1. Executive Summary & Data Audit

To provide a reliable business-ready forecast for the 2014 residential power load, the dataset was examined for quality and structural integrity. The raw data spans 192 months (January 1998 – December 2013).

The audit identified:

  • One missing value (NA) in September 2008
  • A significant data recording anomaly in July 2010 that required correction to prevent a skewed budget projection

2. Pre-processing & Imputation Techniques

Date Standardization

The character-based “YYYY-MMM” strings were converted into a formal month-year index to create a structured time series (tsibble).

Imputation by Interpolation

For the missing value in September 2008, a Time Series Linear Model (TSLM) was used.
This method estimates the missing point based on:

  • The long-term trend
  • The 12-month seasonal cycle

Rather than using a simple average.

Outlier Treatment (July 2010)

The data contained a massive crash in July 2010 (~770k KWH), which is 90% below typical summer demand.
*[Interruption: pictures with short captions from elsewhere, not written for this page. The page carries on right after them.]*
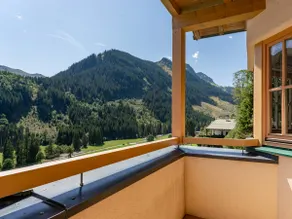Appartamento con terrazza e sauna - Image 2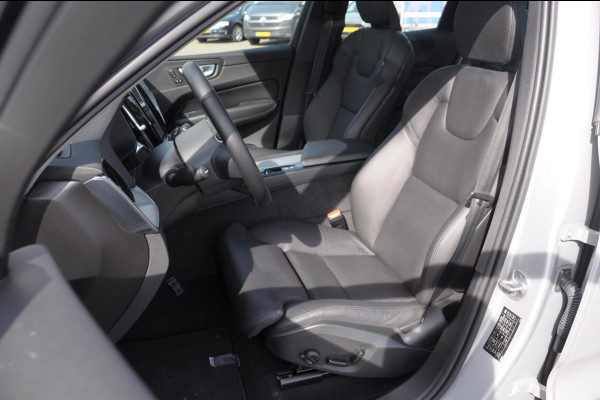 Volvo XC60 T6 350PK Automaat AWD Plus Dark Long range / Trekhaak /Adaptieve cruise control / Panoramadak / Apple carplay / Parkeersensoren met 360 camera / Elektrische achterklep / Elektrische stoelen met geheugen / Stoel en stuurwielverwarming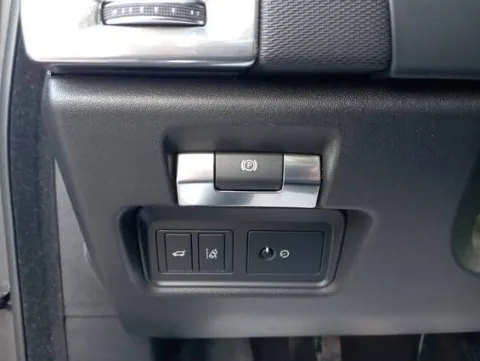 Jaguar E-Pace 2.0d i4 fwd 150cv - Immagine 6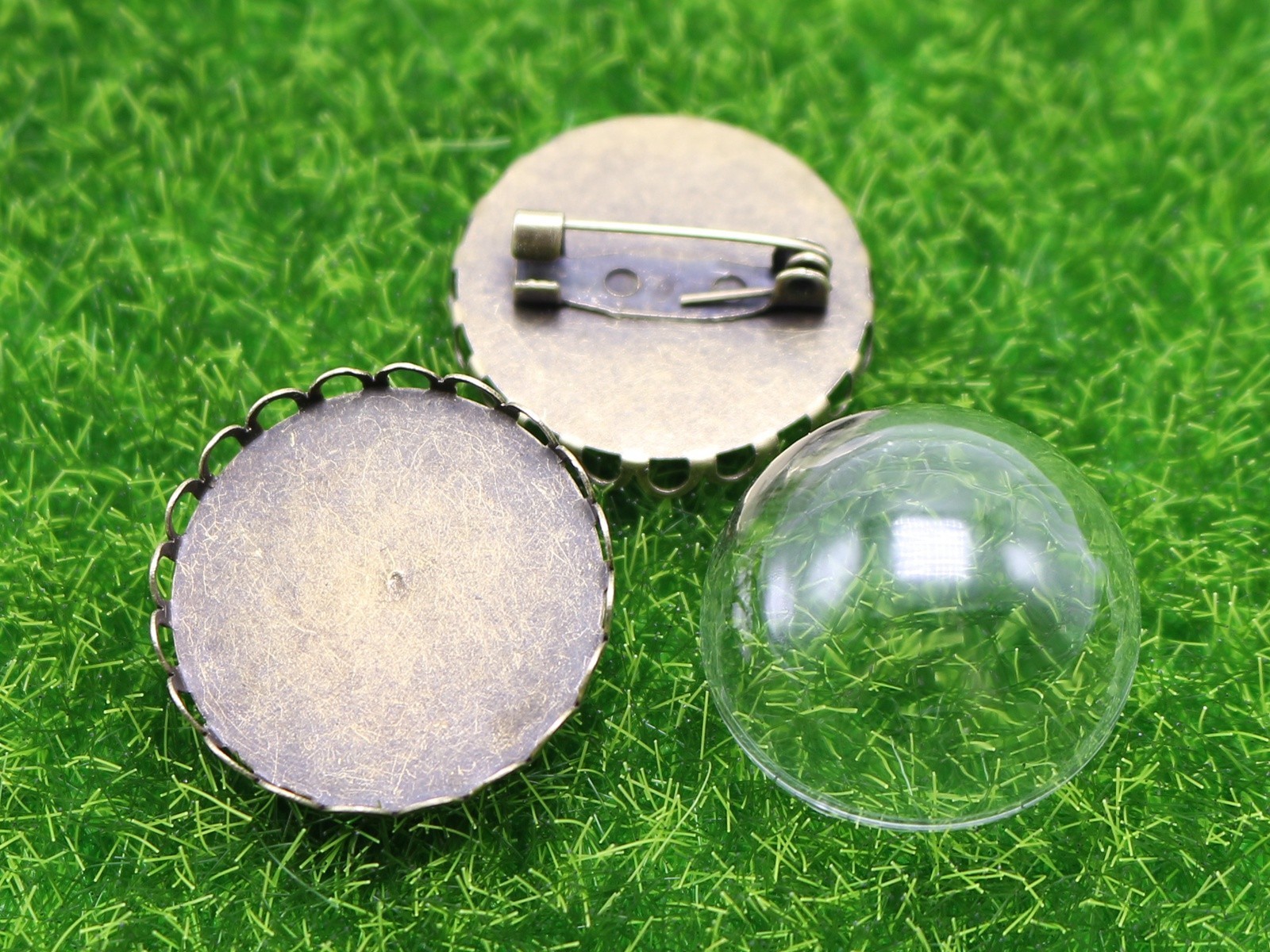 2 DIY Bronze Round Brooch with 20mm 25mm Clear Glass Dome Terrarium 1/2 Globe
This was identified as a recording error.

To normalize the series:

  • The value was set to NA
  • It was re-imputed to a realistic summer peak (~8.3 Million KWH)

3. Exploratory Data Analysis (EDA)

Time Series Plot (Overall Trend)

The plot shows consistent growth in residential consumption until roughly 2008. After 2008, consumption stabilizes, likely due to improved energy efficiency standards.

Seasonal Plot (Monthly Rhythms)

Two distinct annual surges appear:

  • Primary peak: July/August (Air Conditioning usage)
  • Secondary peak: January/December (Heating demand)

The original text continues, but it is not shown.